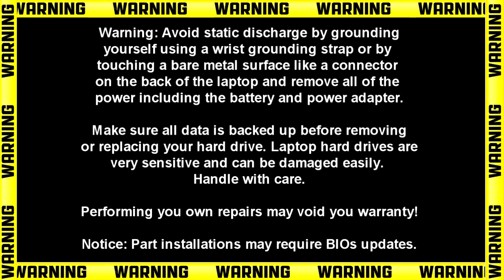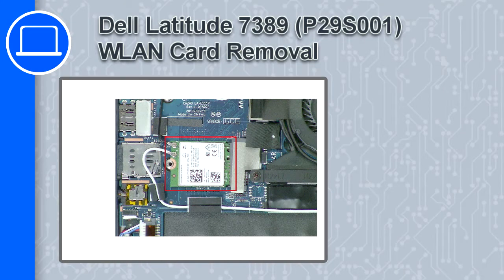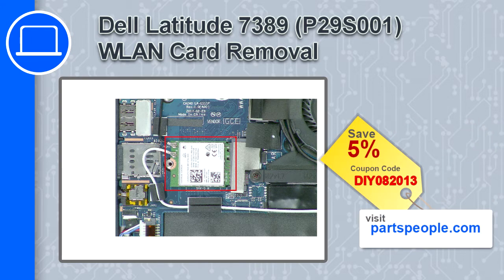How's it going? This is Ricardo and in this video I'll show you how to remove the wireless card from a Dell Latitude 7389. If you're looking for parts for this laptop, go to our website and use this coupon for a 5% off discount.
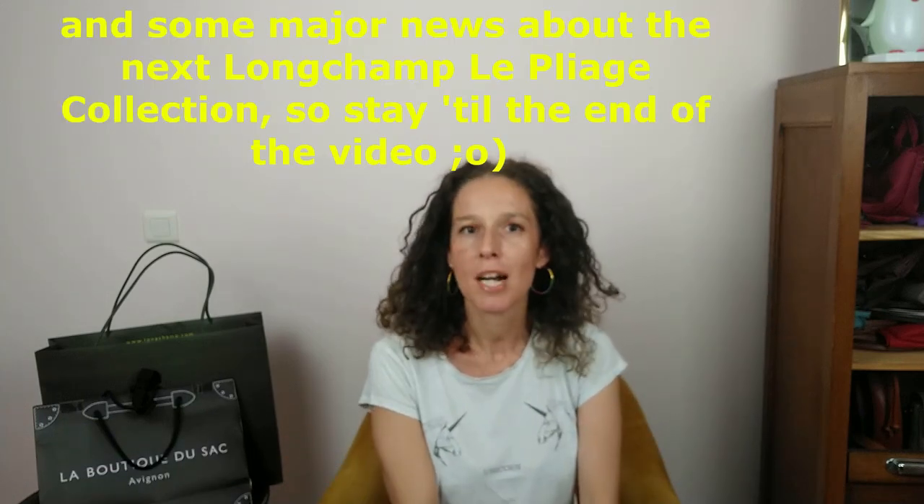Today I've got a little unboxing. These two items were not on sale, but I will explain to you why I bought them. The bags are here and it's concerning Longchamp items, both. The first one I bought in one of my bag shops when I went to the city of Avignon. Let's unbox it right now.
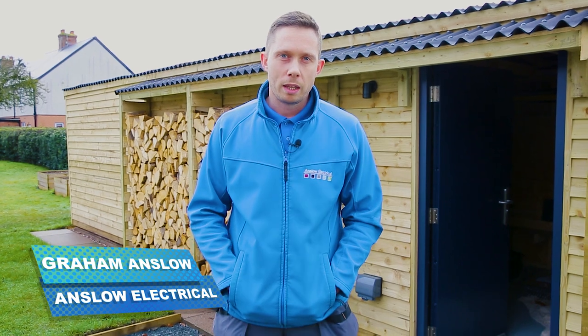Hello and welcome. My name's Graham from Anslow Electrical and today we're installing the ESP HDView 5 megapixel system. We're looking to do seven cameras in total with a recorder, a monitor and some of the deep bases. So if you can follow me, we'll make a start.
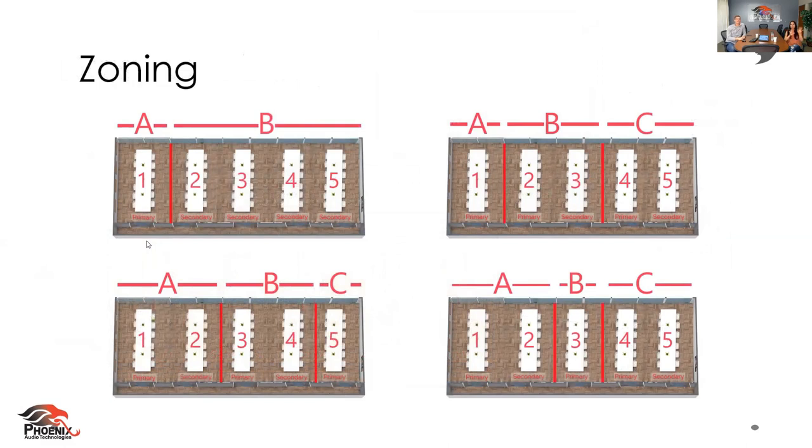This is going to give you an example of different zoning. Let's say you have one big gigantic room and you need one smaller section and two medium-sized sections, or maybe one small section and one really large section. Whatever you decide, you just go onto the GUI or the front side of the Stingray panel and decide what you want as your primary unit and what you want as your secondary. That simple.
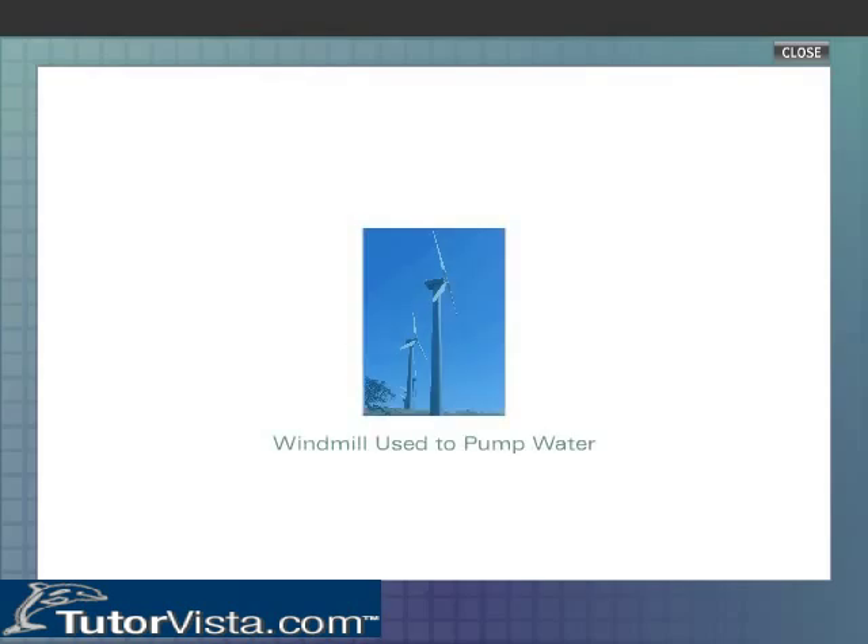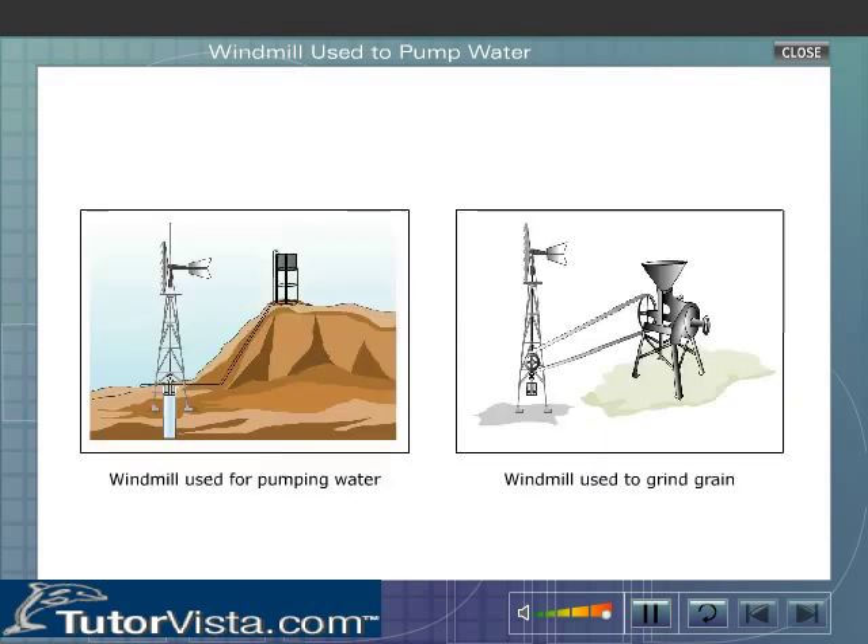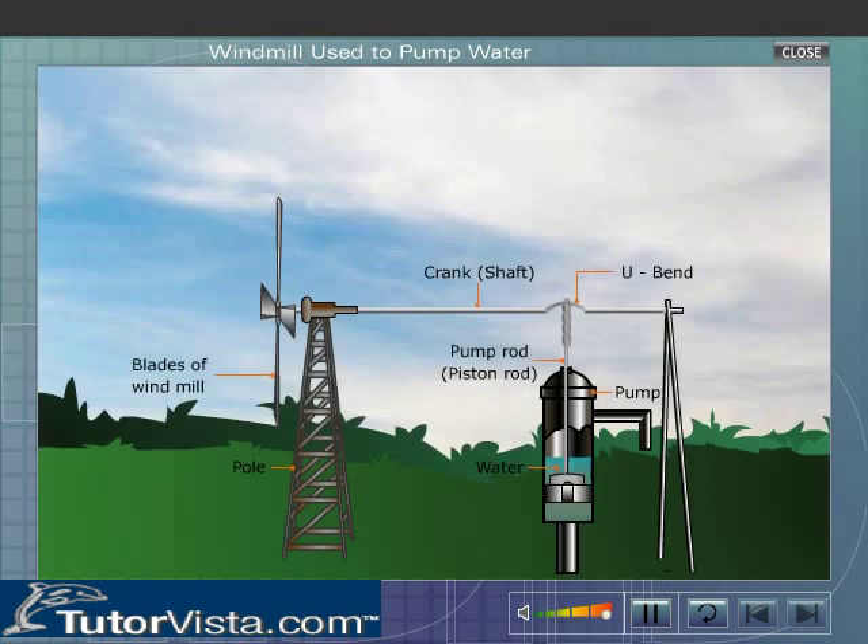Windmill used to pump water. A windmill is a device that works with the energy of the blowing wind. It can be used to run water pumps and also for grinding of grains. Let us now see how a windmill is used to pump water.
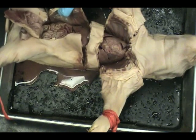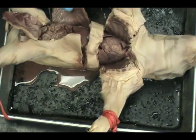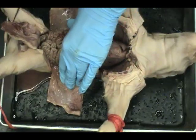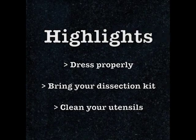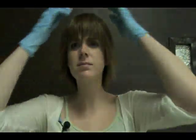Finish opening the abdominal cavity with two cuts towards the dorsal surface. They are parallel to the diaphragm. Be sure to locate and identify the organs. Discard your dissected fetal pig in a biohazard trash.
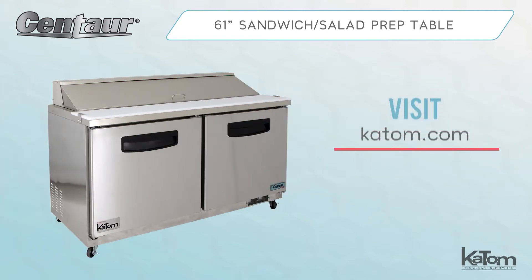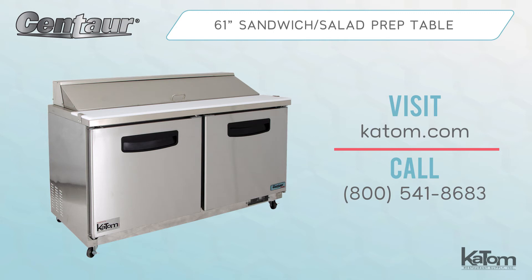Visit us online at KTown.com or call a customer care representative at 800-541-8683 to learn more or to add a Centaur prep table to your operation today.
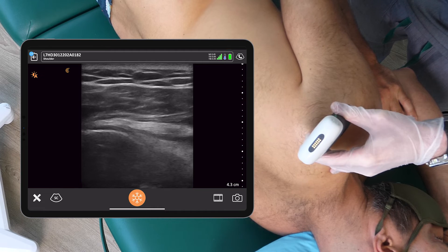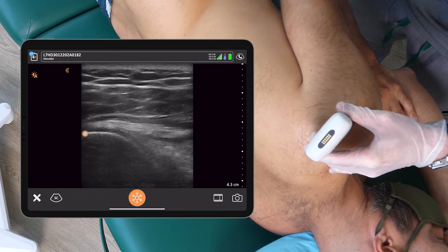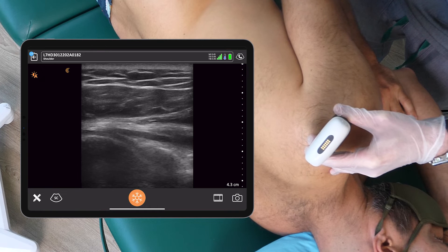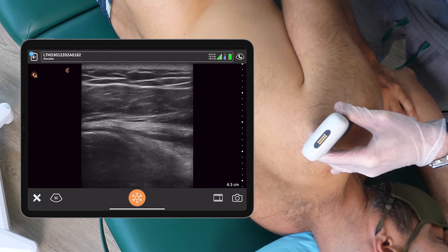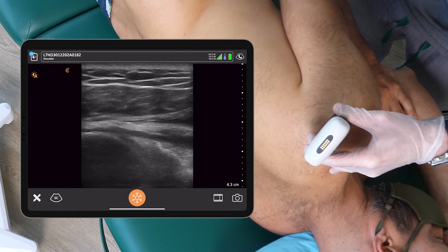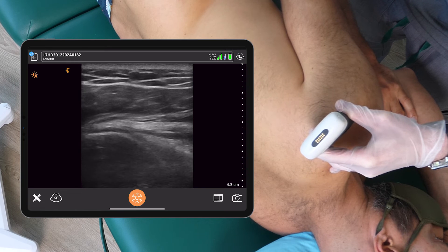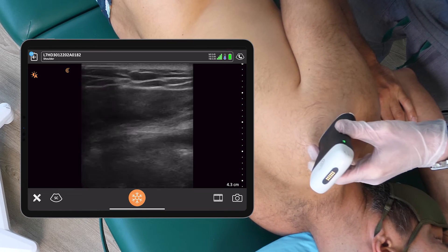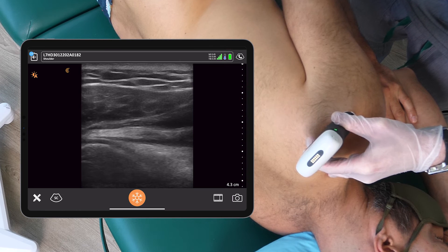Let's take a look at the tissue. Here we have an image of the posterior glenohumeral joint. We can see the curvature of the posterior humeral head, and we can even see the labral tissue. We'll be inserting the needle in between the posterior humeral head on the medial aspect and the labrum. I don't see any issues in terms of vascularization on the way to the injection, and this looks like an optimized image to have a successful injection.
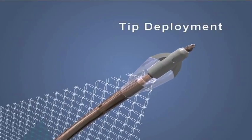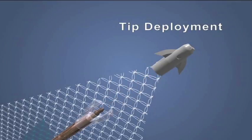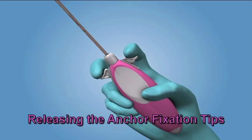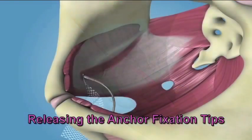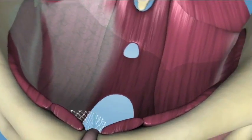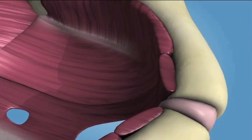Then pivot the handle to ensure the fixation tip approaches perpendicular placement into the obturator internus muscle. Advance the needle until the blue midline marker on the mesh is aligned with the vaginal incision. Once the graft is in position, release the fixation tip by pulling back on the sliders with two fingers of the contralateral hand. Keep the slider depressed while removing the needle. Perform this technique for both patient's right and left sides.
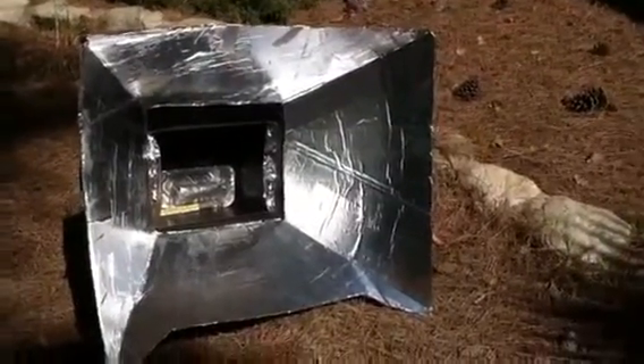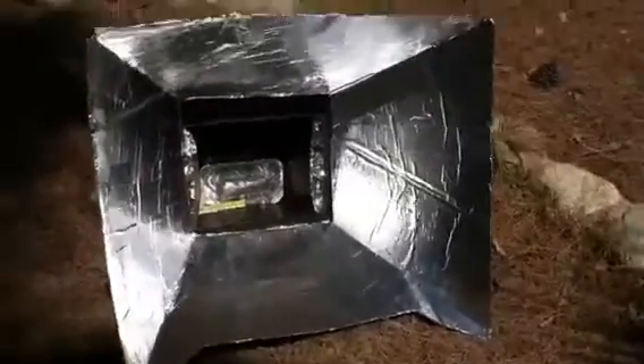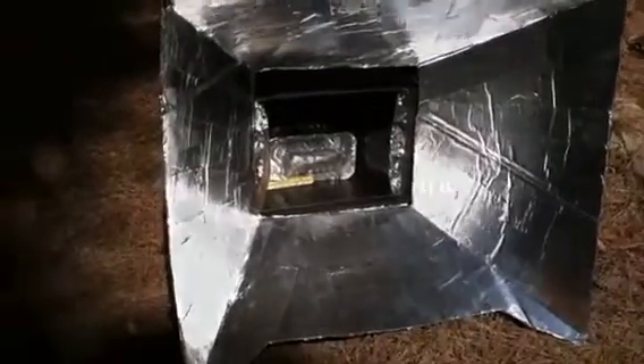I've left it out for a few more minutes and now it's a little over 150 degrees. I think right now I'm about to take it out and see how warm it is.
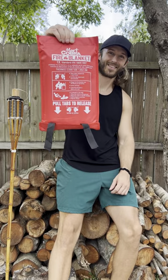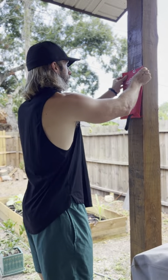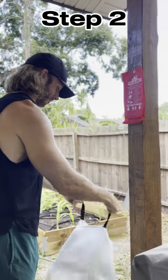Let's learn how to use the Mark Cobra Fire Blanket. Step 1, hang up your packed fire blanket. Step 2, pull on the two black tabs to release your blanket.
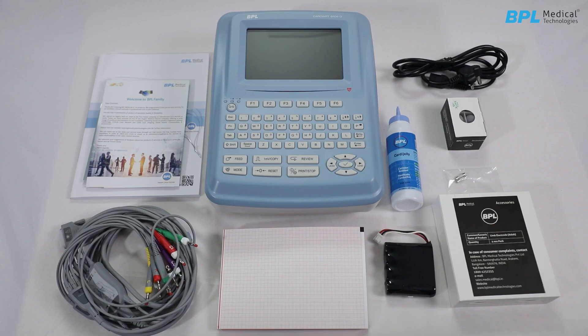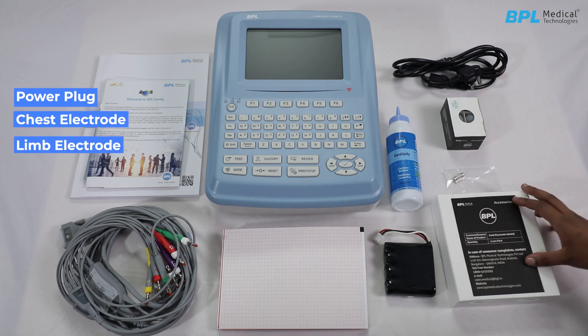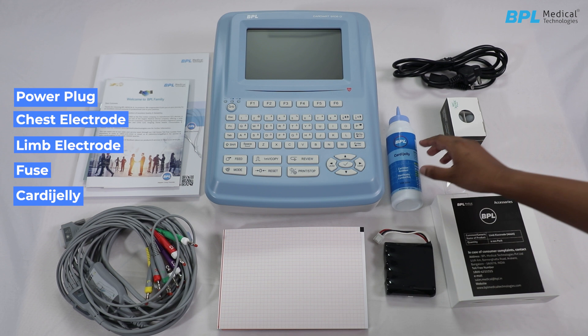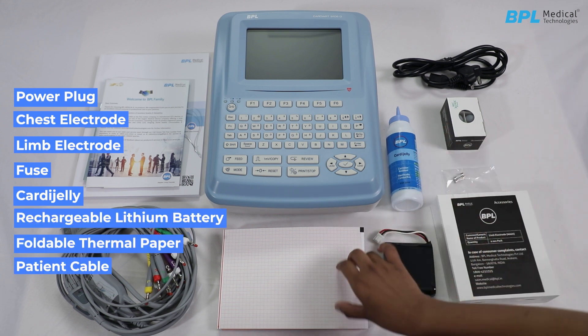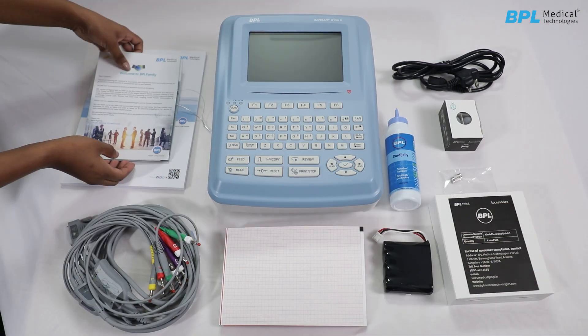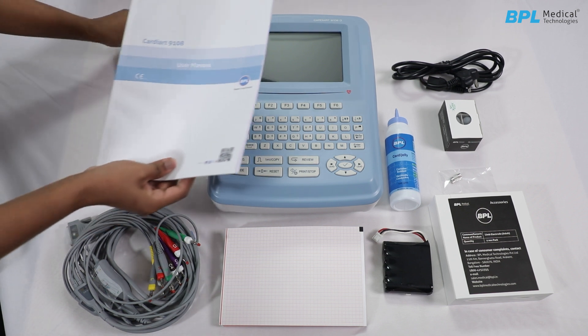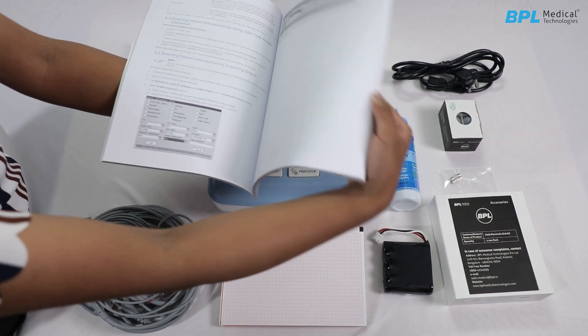The standard accessories provided with the machine are: power plug, chest electrode, limb electrode, fuse, cardiac jelly, rechargeable lithium-ion battery, foldable thermal paper, patient cable, and user manual. For safety information, read the user manual completely before operating the machine and use only original accessories supplied by the manufacturer.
──────────────────────────────
**WORK TO COMPLETE:**
Omit the pictures, then repeat exactly each line from the beginning of the listing through the line with "Today I've got".

**OUTPUT OF THE TASK:**
How's it going? This is Ricardo and in this video I'll show you how to remove the wireless card from a Dell Latitude 7389. If you're looking for parts for this laptop, go to our website and use this coupon for a 5% off discount.
Today I've got a little unboxing. These two items were not on sale, but I will explain to you why I bought them. The bags are here and it's concerning Longchamp items, both. The first one I bought in one of my bag shops when I went to the city of Avignon. Let's unbox it right now.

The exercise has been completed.